Location
- 3605 Munroe Street Terrace, British Columbia, V8G 3C4 Canada
- Coordinates: 54°31′29″N 128°36′24″W﻿ / ﻿54.52486°N 128.60658°W

Information
- School type: Public Secondary School
- School board: School District 82 Coast Mountains
- Principal: Keith Axelson
- Grades: 10-12
- Language: English
- Mascot: Kermode Bear
- Website: caledonia.cmsd.bc.ca

= Caledonia Senior Secondary School =

Caledonia Senior Secondary School is a senior secondary school (grades 10 through 12 inclusive) in Terrace, British Columbia, Canada. The school's address is 3605 Monroe St., Terrace, British Columbia, Canada, V8G 3C4.

== Activities ==

=== Sports ===

Caledonia provides sports teams in the area of volleyball, basketball, track and field, Rugby and soccer for both girls and boys. The sports teams are called Kermodes.

=== Arts===

Caledonia offers a variety of artistic courses.

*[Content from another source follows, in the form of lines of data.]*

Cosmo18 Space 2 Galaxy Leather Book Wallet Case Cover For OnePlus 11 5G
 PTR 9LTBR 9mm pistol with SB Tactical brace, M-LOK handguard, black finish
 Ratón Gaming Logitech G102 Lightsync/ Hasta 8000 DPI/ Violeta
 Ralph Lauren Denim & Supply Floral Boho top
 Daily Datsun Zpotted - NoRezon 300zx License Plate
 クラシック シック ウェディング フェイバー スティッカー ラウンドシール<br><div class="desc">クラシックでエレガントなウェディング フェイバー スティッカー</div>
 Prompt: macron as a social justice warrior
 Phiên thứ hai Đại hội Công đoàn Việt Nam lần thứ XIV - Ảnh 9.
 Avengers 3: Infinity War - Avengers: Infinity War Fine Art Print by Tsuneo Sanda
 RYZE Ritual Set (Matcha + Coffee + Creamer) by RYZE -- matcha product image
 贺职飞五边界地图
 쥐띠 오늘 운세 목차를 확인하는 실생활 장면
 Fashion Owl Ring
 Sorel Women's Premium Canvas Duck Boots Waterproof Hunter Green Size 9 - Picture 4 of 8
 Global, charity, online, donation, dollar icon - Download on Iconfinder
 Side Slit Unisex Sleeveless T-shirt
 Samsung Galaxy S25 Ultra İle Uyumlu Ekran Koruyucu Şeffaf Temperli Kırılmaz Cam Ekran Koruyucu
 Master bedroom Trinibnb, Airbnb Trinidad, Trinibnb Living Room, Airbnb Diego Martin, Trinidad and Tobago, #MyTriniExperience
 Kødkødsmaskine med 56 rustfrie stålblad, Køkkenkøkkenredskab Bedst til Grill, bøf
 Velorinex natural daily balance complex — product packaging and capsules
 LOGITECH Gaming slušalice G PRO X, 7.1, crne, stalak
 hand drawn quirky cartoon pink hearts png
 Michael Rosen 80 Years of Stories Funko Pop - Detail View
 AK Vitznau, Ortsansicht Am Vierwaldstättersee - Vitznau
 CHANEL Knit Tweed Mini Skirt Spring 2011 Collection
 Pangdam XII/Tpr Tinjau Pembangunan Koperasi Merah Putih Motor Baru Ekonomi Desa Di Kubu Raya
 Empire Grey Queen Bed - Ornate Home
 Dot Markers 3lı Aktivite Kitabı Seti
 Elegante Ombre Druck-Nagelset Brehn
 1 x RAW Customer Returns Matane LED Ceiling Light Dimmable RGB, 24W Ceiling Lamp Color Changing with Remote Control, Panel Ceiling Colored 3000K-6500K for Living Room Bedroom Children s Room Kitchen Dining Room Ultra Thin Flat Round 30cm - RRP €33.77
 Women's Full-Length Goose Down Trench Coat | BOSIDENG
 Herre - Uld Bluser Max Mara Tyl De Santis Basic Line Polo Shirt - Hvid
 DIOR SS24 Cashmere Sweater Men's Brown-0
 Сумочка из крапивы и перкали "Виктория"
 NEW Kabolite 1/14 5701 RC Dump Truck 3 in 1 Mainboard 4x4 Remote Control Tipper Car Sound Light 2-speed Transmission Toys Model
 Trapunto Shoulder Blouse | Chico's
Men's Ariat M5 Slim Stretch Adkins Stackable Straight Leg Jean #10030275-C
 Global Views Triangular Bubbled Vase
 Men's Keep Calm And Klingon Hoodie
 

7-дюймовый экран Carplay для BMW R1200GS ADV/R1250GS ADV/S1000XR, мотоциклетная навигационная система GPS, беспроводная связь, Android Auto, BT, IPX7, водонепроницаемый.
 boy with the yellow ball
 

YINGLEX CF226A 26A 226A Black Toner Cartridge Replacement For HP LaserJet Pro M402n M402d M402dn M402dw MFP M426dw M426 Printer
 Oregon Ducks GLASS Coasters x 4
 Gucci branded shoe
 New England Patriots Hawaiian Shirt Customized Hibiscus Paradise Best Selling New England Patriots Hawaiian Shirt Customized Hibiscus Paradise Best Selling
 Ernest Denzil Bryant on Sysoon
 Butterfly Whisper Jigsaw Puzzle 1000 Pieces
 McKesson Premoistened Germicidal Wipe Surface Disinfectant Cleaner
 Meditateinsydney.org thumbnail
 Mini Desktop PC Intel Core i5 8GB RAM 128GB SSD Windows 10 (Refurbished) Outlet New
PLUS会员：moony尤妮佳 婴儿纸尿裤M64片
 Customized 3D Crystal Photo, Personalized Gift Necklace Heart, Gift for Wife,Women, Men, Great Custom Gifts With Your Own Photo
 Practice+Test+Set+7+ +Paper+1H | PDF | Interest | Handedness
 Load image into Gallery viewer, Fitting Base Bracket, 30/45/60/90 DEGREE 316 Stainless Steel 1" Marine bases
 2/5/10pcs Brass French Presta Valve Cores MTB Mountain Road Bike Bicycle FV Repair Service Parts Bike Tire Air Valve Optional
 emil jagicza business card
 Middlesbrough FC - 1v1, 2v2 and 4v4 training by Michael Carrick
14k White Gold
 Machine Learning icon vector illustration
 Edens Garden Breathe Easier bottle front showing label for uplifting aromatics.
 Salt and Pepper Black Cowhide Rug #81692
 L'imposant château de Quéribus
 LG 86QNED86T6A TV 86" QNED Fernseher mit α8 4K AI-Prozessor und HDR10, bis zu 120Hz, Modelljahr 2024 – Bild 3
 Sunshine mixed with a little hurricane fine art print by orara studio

Courses like photography, woodworking, metalworking, and Arts and Foundations 11/12. Students' artwork can be displayed all over the school on the walls and in the cabinets.

===Music===

Caledonia has a music program consisting of a Choir, Jazz Band, and Concert band, all run by Geoff Parr. The Bands and Choir participate in the annual Music Festival in town, competing against other participants. Each year the music students fundraise for a music tour. The music students also contribute to Caledonia's annual musical production, which is co-produced by Geoff Parr and Robin MacLeod.

=== Theatre ===

Caledonia Senior also has a successful theatre program, directed by Robin MacLeod, who is also the co-producer of the school's annual musical production.

Caledonia currently ranks 193 in school rankings according to the Fraser Institute.